About this task.
Leave out the images; return the rest of the data exactly.

Dataset excerpt.
□ □ □ □ □ □ □
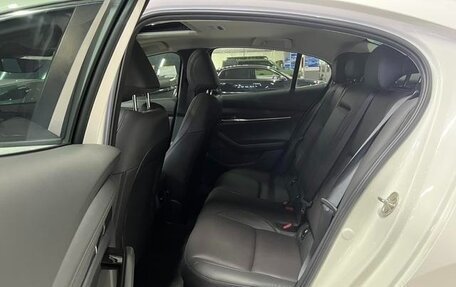 Mazda 3, 2021 год, 1 790 000 рублей, 8 фотография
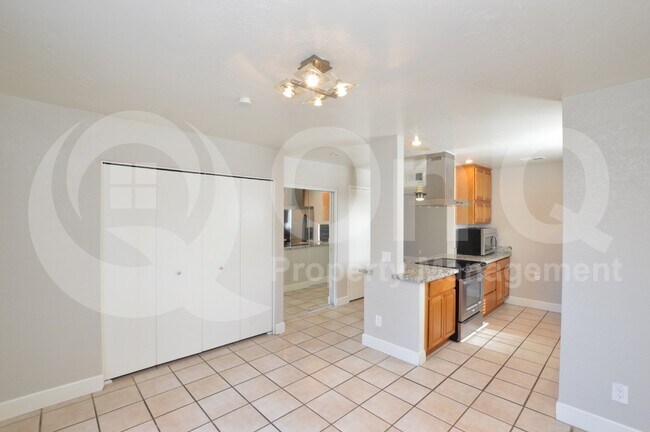 Photo - 850 S River Dr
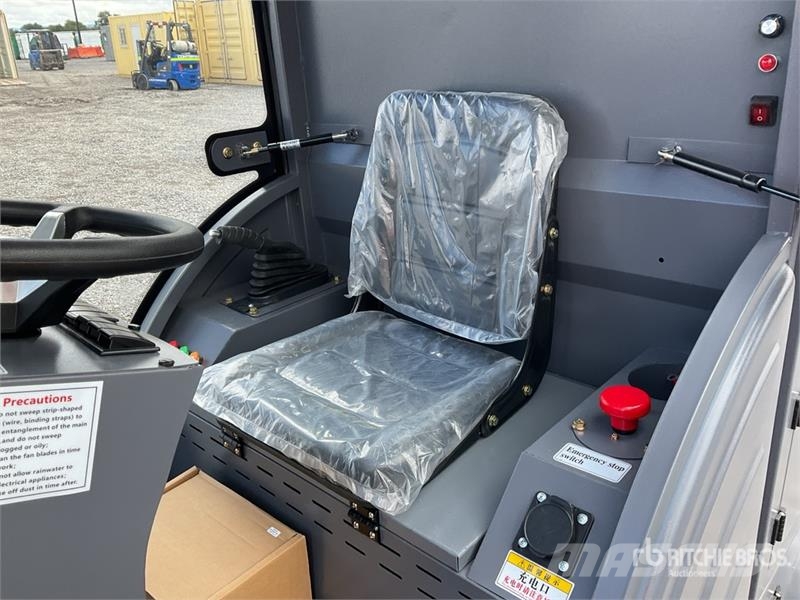  FS X19 Ride-On Electric Barredora (Sin Usar) / Flo Druga oprema za žetev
□ □ □ □ □ □ □
Response to the task.
 Mazda 3, 2021 год, 1 790 000 рублей, 8 фотография
 Photo - 850 S River Dr
  FS X19 Ride-On Electric Barredora (Sin Usar) / Flo Druga oprema za žetev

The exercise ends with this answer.